▶ DIRECTIONS: Exact copy, no pictures: return only the lines below from the line with "EZwear Black Cotton" up to and including the line with "Porte bébé enfant".

▶ SUPPLIED ENTRIES:
###
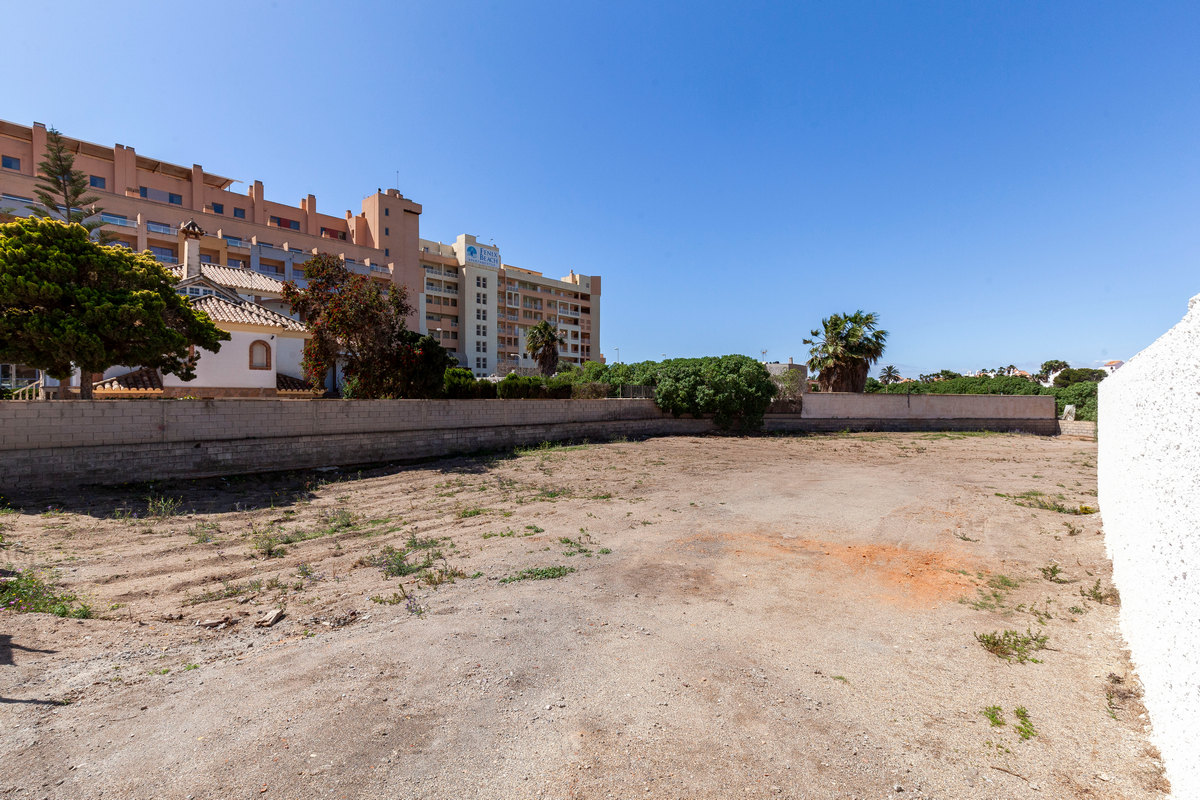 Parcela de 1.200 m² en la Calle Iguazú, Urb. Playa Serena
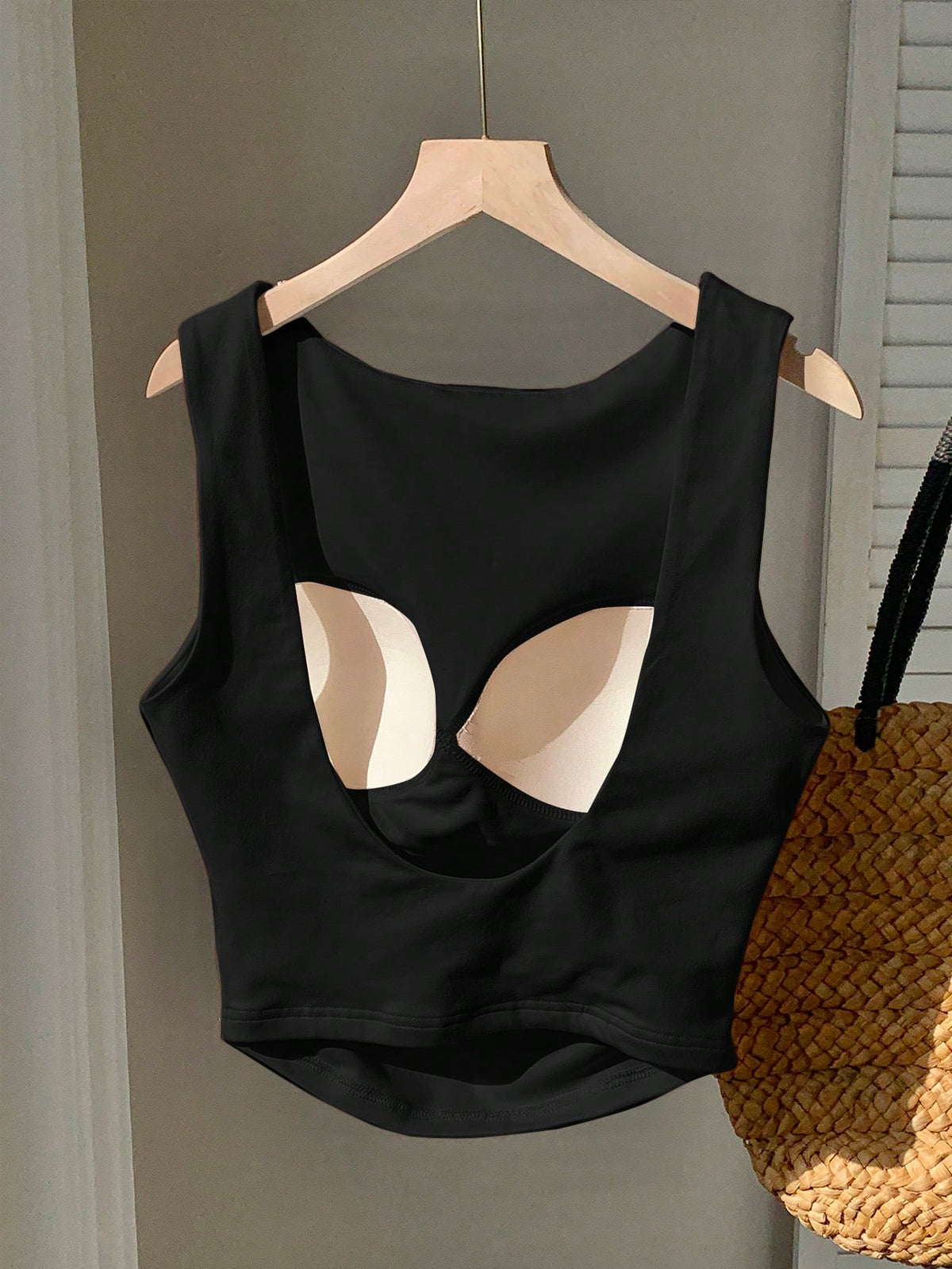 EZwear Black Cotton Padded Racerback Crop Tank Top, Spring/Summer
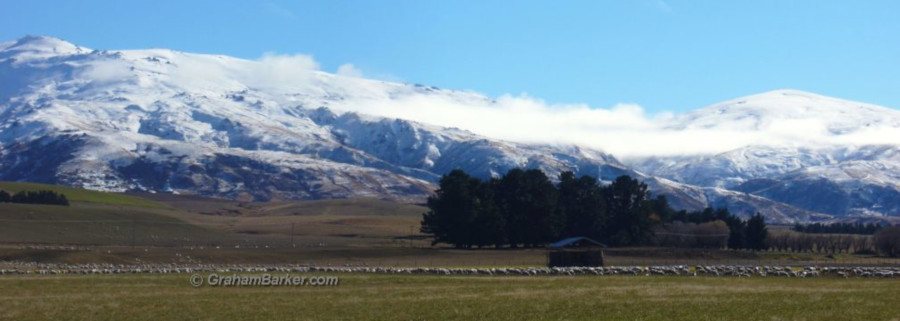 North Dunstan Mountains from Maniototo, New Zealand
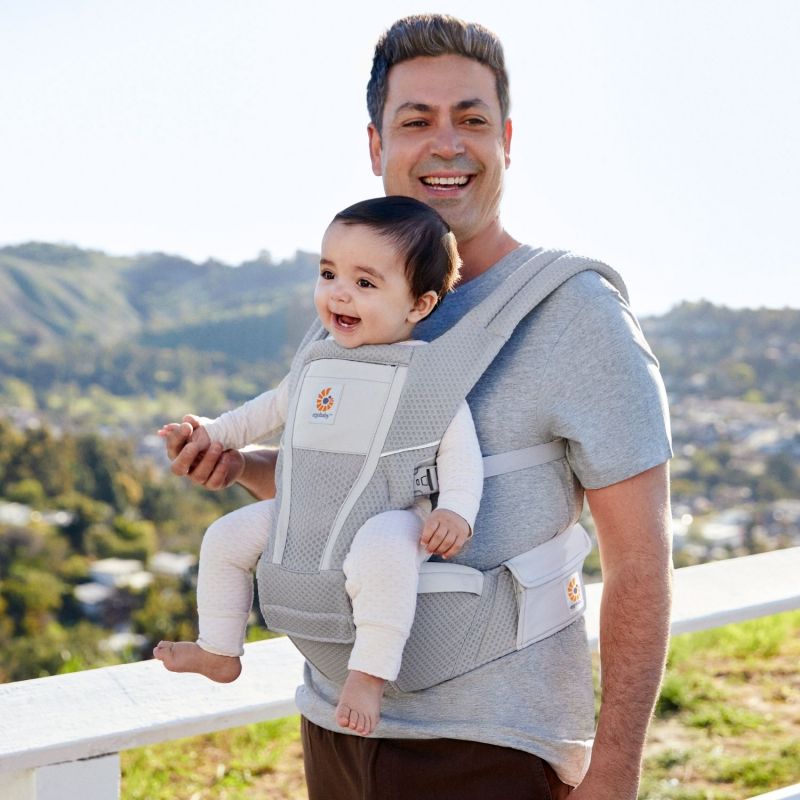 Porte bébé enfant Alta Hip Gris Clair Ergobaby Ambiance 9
###
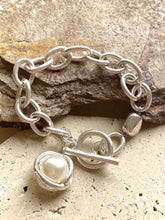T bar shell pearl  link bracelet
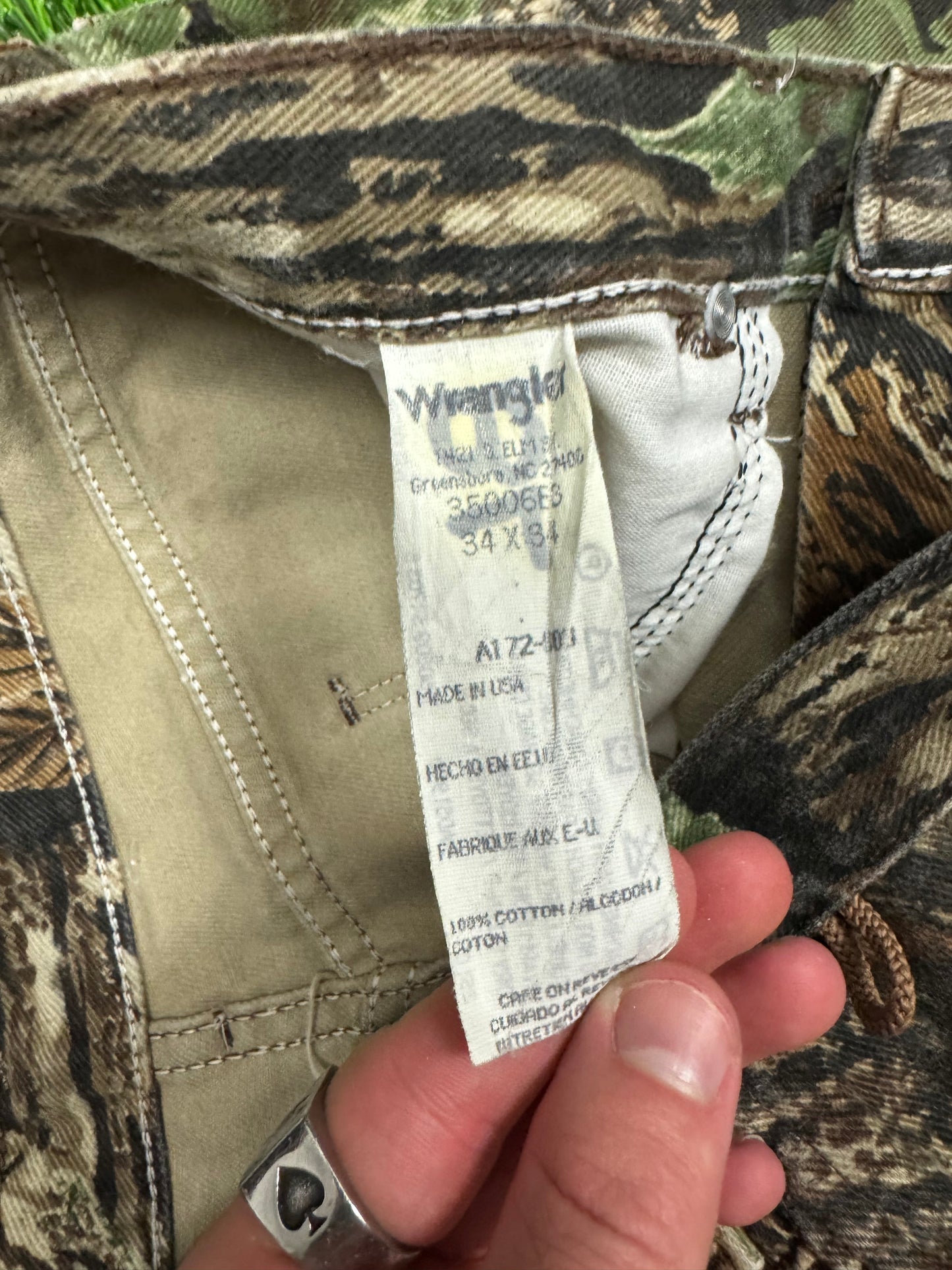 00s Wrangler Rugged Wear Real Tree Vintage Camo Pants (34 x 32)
###
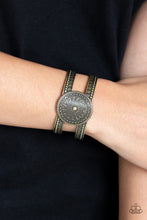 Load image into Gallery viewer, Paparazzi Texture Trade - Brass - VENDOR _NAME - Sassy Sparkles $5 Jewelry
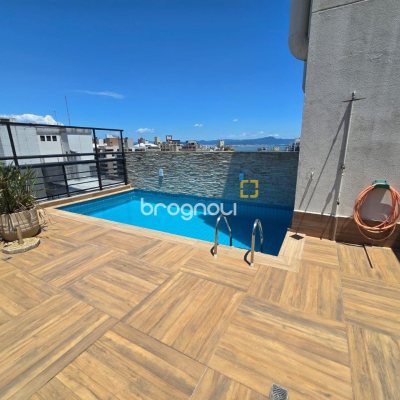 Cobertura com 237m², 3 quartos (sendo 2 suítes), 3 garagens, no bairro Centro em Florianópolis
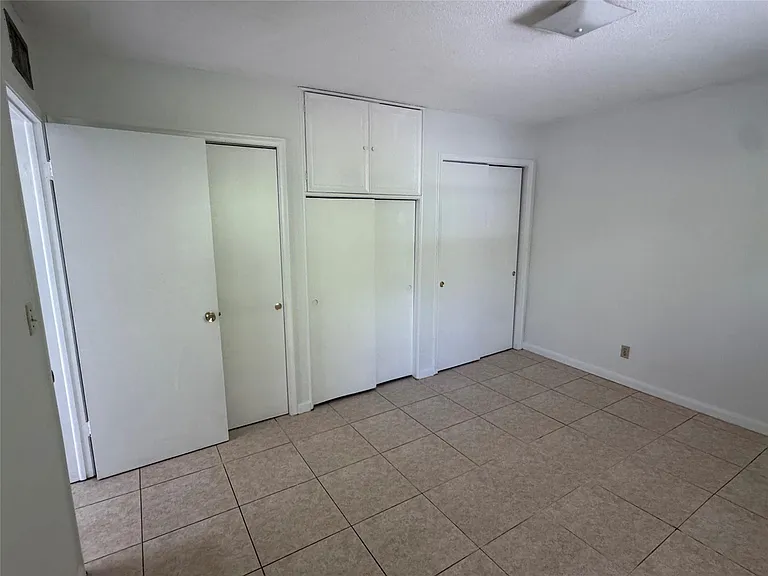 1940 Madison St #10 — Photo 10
###
▶ RESULT BELOW:
 EZwear Black Cotton Padded Racerback Crop Tank Top, Spring/Summer
 North Dunstan Mountains from Maniototo, New Zealand
 Porte bébé enfant Alta Hip Gris Clair Ergobaby Ambiance 9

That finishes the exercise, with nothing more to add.